Darlene Posted Wed 07th of March, 2012 20:12:22 PM
Can the neurosurgeon bill for both codes
63056 if both procedures are clearly documented in his Operative report? We have been getting denials for code 63030 stating it is mutually exclusive to 63056.
SuperCoder Answered Wed 07th of March, 2012 20:30:27 PM
These 2 codes are not mutually exclusive as per latest CCI.

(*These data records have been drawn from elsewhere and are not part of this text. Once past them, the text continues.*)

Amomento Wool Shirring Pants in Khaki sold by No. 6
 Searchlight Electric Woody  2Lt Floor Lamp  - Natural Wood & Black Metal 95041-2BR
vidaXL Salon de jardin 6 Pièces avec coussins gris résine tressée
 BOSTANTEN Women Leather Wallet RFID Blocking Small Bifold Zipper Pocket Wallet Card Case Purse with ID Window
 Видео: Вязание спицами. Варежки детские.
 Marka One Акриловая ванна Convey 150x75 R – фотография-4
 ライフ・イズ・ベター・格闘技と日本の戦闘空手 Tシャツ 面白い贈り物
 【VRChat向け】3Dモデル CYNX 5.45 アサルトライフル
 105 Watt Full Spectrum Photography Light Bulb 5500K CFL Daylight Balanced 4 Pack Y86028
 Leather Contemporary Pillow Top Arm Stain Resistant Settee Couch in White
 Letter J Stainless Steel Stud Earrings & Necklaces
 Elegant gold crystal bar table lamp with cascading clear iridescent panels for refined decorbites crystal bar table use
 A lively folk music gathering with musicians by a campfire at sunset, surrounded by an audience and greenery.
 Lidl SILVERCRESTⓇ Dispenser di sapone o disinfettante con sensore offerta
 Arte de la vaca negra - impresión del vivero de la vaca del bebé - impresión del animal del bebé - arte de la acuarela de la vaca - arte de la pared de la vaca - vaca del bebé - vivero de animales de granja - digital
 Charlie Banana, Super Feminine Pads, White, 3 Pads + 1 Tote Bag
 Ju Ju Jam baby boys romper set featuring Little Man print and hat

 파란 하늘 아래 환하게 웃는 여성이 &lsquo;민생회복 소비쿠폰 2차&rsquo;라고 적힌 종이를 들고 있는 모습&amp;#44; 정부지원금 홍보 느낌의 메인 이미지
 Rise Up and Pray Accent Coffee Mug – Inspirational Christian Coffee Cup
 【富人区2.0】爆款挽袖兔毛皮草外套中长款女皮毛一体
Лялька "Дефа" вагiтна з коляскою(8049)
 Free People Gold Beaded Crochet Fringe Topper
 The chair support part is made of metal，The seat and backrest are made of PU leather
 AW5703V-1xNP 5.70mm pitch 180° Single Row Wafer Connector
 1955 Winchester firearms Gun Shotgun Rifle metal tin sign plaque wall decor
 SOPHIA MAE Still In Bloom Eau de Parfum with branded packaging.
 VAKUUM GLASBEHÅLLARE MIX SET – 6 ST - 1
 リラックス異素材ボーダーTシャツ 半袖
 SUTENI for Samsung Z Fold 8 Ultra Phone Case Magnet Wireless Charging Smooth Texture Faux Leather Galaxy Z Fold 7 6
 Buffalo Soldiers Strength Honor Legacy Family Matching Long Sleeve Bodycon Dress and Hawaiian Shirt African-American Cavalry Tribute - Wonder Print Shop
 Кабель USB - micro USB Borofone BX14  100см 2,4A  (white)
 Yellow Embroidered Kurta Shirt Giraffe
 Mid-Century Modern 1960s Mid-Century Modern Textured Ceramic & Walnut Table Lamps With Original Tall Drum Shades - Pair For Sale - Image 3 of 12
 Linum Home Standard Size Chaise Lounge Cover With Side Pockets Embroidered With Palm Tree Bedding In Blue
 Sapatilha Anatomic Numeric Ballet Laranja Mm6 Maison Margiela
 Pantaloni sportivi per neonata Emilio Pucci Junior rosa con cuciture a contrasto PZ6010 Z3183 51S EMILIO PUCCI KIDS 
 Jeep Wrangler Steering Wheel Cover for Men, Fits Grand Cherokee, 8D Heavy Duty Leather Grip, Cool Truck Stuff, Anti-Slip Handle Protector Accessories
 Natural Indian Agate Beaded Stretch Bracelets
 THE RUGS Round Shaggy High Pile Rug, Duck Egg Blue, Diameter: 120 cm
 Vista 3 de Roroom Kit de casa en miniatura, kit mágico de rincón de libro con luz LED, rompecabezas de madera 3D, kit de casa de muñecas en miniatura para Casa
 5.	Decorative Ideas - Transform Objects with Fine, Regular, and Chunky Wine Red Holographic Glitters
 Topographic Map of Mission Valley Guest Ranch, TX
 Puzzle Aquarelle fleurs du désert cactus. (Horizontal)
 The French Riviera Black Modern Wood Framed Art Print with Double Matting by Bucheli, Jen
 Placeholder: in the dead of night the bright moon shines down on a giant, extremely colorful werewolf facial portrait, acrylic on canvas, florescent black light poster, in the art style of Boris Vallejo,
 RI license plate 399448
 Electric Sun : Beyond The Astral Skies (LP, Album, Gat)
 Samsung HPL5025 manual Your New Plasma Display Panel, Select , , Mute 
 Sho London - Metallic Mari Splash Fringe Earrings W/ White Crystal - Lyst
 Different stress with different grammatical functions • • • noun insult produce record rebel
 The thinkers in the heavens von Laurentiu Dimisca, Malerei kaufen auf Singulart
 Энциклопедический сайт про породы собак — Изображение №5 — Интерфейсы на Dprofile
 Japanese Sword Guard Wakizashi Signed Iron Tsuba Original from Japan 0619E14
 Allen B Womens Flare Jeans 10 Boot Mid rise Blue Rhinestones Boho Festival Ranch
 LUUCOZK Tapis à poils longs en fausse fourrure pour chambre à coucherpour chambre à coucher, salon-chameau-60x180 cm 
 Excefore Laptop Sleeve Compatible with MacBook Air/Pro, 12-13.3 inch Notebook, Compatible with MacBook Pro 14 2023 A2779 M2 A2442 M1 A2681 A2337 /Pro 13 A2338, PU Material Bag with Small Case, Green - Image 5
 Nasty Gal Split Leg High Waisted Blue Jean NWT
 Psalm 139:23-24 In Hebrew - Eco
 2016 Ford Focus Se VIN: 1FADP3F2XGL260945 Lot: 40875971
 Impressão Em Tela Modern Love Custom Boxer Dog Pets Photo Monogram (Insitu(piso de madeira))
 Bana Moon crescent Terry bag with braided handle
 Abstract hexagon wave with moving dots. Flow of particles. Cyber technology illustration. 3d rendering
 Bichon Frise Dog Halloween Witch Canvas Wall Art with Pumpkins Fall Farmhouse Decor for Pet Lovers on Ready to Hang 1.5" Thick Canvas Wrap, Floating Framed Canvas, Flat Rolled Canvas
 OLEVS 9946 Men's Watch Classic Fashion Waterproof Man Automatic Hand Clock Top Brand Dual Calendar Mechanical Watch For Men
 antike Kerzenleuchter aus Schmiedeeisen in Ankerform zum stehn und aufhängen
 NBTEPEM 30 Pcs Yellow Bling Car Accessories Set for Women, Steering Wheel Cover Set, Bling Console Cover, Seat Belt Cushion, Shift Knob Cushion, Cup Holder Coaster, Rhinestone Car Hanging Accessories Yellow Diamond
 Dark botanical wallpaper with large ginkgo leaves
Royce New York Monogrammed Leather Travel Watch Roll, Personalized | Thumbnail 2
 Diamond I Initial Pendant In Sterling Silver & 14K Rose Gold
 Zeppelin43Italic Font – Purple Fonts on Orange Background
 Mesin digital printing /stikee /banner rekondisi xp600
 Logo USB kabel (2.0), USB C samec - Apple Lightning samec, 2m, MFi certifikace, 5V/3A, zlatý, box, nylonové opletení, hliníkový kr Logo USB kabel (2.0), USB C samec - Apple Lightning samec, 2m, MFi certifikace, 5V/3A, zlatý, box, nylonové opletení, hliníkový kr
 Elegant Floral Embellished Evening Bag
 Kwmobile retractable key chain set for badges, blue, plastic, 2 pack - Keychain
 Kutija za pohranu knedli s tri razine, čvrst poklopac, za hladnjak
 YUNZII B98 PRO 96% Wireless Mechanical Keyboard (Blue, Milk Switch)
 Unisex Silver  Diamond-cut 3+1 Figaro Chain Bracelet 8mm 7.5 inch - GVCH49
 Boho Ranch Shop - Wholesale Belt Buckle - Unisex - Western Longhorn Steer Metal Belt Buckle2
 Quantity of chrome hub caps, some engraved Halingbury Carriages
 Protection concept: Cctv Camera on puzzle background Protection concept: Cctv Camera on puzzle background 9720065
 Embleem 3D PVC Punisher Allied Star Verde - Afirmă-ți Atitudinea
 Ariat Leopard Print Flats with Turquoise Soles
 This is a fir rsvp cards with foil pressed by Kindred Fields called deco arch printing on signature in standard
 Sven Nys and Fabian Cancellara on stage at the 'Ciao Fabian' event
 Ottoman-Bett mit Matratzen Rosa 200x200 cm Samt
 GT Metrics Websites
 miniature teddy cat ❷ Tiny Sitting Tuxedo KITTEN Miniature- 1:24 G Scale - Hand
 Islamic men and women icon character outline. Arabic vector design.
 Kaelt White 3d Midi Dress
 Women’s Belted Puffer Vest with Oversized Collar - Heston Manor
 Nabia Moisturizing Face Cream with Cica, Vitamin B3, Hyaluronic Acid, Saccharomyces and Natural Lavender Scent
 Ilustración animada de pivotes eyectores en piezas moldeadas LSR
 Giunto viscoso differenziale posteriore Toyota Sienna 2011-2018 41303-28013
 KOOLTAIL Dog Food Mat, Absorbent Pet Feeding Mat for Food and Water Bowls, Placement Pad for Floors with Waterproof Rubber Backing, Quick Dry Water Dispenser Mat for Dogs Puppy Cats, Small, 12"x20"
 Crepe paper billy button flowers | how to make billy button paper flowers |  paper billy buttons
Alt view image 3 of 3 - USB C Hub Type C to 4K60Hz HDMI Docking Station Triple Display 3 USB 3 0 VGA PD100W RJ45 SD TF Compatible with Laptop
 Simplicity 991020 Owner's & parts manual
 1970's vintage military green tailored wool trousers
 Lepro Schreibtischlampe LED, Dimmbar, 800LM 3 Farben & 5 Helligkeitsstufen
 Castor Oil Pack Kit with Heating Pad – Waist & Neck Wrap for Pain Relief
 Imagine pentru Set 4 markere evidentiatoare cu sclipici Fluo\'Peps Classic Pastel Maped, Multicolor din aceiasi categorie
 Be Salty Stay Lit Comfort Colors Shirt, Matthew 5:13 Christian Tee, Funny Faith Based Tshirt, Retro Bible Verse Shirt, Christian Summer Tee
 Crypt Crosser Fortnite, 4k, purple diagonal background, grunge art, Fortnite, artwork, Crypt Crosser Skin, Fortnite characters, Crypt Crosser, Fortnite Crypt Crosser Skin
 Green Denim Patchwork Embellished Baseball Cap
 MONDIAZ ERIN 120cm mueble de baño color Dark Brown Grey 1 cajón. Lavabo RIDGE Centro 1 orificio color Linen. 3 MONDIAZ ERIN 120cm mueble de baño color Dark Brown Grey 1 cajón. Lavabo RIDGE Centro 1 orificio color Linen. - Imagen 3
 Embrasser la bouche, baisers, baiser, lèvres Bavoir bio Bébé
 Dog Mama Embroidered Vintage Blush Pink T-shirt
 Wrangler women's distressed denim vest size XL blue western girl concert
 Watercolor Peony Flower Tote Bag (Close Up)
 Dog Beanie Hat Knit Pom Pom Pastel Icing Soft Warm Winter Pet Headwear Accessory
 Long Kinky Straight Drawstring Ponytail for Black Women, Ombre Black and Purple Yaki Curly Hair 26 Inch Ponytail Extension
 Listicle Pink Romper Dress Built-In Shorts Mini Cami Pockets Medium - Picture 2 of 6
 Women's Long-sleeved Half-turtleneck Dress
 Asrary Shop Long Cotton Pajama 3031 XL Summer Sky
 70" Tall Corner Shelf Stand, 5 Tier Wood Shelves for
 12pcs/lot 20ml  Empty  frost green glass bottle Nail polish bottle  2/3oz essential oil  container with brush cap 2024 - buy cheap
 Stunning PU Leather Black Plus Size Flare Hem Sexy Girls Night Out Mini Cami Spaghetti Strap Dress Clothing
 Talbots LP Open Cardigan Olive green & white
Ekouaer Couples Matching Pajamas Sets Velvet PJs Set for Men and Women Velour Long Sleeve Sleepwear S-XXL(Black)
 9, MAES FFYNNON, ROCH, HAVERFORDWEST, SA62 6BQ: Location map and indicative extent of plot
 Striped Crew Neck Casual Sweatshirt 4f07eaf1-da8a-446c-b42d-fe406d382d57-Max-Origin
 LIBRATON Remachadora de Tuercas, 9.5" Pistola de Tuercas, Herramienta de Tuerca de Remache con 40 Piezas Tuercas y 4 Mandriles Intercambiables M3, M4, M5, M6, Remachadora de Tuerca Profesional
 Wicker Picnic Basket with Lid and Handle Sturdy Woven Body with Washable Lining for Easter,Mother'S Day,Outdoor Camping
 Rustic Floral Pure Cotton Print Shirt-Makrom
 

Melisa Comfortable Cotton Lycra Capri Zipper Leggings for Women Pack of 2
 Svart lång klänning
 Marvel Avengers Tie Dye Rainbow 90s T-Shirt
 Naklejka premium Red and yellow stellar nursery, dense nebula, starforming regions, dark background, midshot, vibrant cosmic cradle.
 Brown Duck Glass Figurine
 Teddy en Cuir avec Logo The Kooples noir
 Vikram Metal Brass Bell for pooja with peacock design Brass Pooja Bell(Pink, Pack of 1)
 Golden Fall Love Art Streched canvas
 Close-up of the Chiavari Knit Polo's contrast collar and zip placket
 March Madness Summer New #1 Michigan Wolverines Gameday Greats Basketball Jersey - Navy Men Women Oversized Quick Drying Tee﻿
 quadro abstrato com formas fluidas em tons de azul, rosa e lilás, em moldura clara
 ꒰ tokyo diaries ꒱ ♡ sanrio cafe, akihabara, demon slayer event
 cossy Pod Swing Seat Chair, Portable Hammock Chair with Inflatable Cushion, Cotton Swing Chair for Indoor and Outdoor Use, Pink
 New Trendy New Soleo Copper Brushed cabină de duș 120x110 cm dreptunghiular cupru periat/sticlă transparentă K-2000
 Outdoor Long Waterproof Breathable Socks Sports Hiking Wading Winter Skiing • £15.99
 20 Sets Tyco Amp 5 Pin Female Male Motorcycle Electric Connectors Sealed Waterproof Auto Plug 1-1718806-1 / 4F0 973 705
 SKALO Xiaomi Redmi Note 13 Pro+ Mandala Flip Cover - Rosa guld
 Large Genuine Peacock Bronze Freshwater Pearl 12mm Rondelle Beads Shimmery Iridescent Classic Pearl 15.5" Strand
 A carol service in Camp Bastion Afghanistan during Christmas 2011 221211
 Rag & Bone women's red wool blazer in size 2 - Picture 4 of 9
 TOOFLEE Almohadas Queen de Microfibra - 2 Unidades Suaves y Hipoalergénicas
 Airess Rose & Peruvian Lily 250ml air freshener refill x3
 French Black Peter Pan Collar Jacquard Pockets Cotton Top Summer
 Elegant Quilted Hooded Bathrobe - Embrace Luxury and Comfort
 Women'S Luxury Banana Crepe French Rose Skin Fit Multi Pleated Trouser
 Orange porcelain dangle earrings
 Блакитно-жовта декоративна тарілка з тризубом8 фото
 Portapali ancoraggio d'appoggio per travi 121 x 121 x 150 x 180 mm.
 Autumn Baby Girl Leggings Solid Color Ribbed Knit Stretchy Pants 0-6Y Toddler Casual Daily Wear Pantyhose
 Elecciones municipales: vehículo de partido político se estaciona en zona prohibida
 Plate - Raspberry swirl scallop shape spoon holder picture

If the access to the right far lateral disk requires a transpedicular approach as is usually the case, the appropriate code for the procedure you describe is 63056 (Transpedicular approach with decompression of spinal cord, equina and/or nerve root[s] [e.g., herniated intervertebral disk], single segment; lumbar [including transfacet, or lateral extraforaminal approach] [e.g., far lateral herniated intervertebral disk]) rather than 63030 (Laminotomy [hemilaminectomy], with decompression of nerve root[s], including partial facetectomy, foraminotomy and/or excision of herniated intervertebral disk; one interspace, lumbar [including open or endoscopically assisted approach]). The description for 63056 clearly includes a far lateral disk, and this is not bundled into code 63030, which may also be reported if the surgeon performs posterior approach and hemilaminectomy with decompression. The relative value units (RVUs) for 63056 (38.14) account for the additional work your surgeon mentions.
Even with a 50 percent increase in payment for appending modifier -22 (Unusual procedural services), reimbursement for 63030 (24.13 RVUs x 1.5 = 36.195 RVUs) is lower than that for 63056. If the surgeon did not perform a transpedicular approach, modifier -22 may be appended to 63030 only if additional time and effort were required.